President Cyril Ramaphosa this week published a letter from his office addressing the state of unemployment in South Africa.
In the communication, Ramaphosa announced that the government has started with the second phase of the Presidential Employment Stimulus, which aims to create massive employment opportunities in the country in a short space of time.
The programme is the president’s attempt to start rectifying South Africa’s record-high unemployment rate, which hit 34.4% in the last quarter (2Q21), or 44.4% when considering the expanded definition that includes those who have given up seeking jobs.
While Ramaphosa’s programme is a step in the right direction to address unemployment, Xpatweb director Marisa Jacobs warns that the president’s plan does not address the exodus of skills and professionals from South Africa.
“There is no way to stop the valuable skillsets and qualified professionals currently leaving South Africa in droves,” she said.
“National employment drives and initiatives generally serve to create new opportunities for a younger workforce. While that prepares the next generation of skilled workers, it doesn’t address the present need for certain skills. No amount of novice job creation can fill skills gaps,” she said.

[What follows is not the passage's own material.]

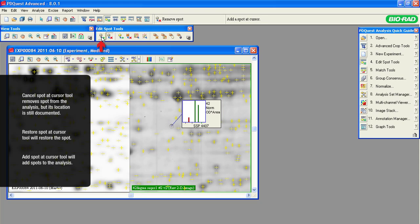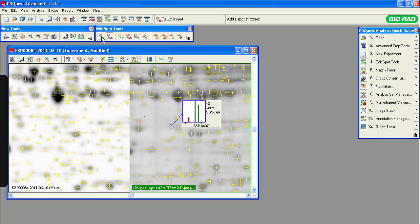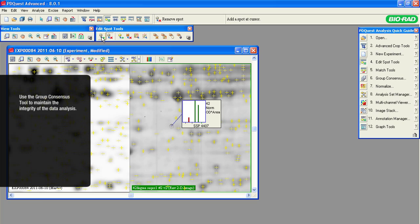Use the Add Spot tool with great caution. Add a spot only when there is significant information to support your decision to manually force a spot into the analysis process. By forcing the individual spots into the process, you will compromise the consistency of your experiment. To maintain the integrity of the data analysis, spots should be added or removed using the Group Consensus tool.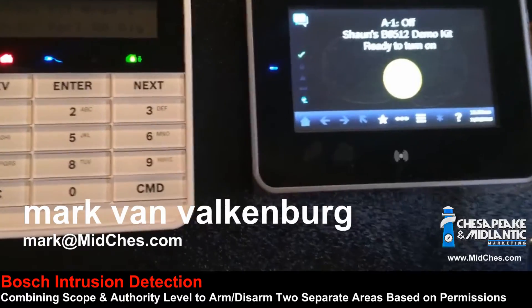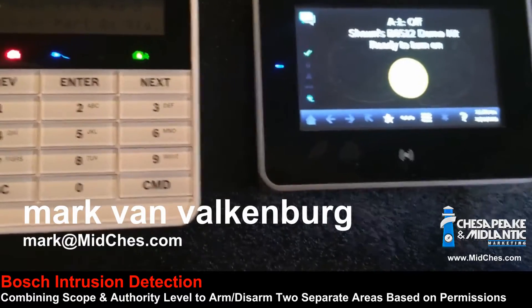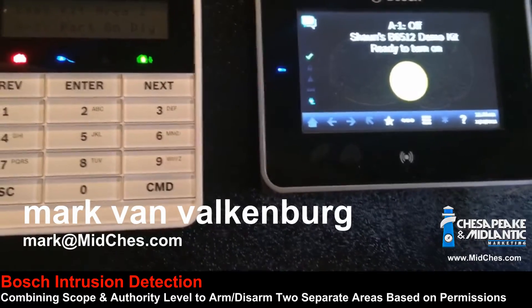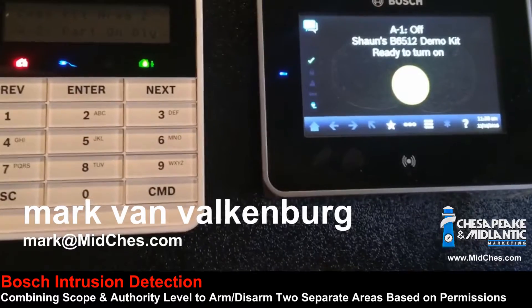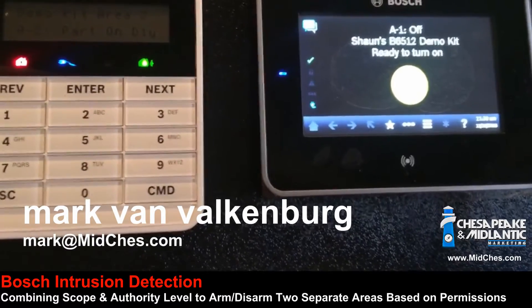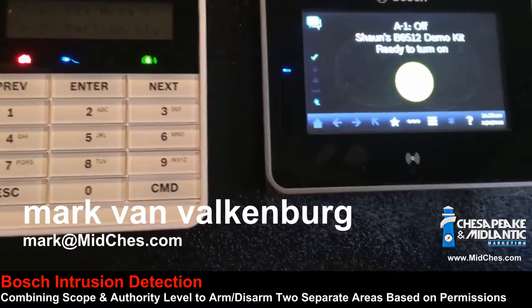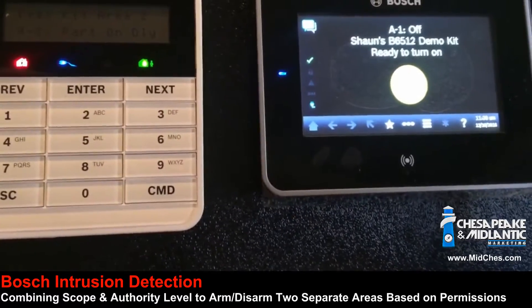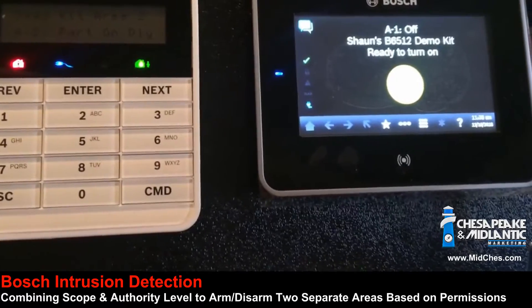In this demonstration, this is a demo kit. The touch screen on the right would be the vestibule. The small 915 LCD on the left would be the warehouse.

Instead, Jacobs said that there needs to be a much larger focus on encouraging Foreign Direct Investment (FDI) which would broadly boost the economy and help retain skills at the upper end.
She cited the example of Nigeria, which saw its official unemployment rate climb significantly in 2019, just before the pandemic hit.
In response, Nigeria called on foreign investors to consider Nigeria as a prime investment location, stating at the time that the only way to reduce its high unemployment rate was to create an enabling environment for foreigners to come in and produce locally.
The nation said that FDI would help develop the agricultural value chain, and this would lead to industrialisation – which is another step towards improving unemployment.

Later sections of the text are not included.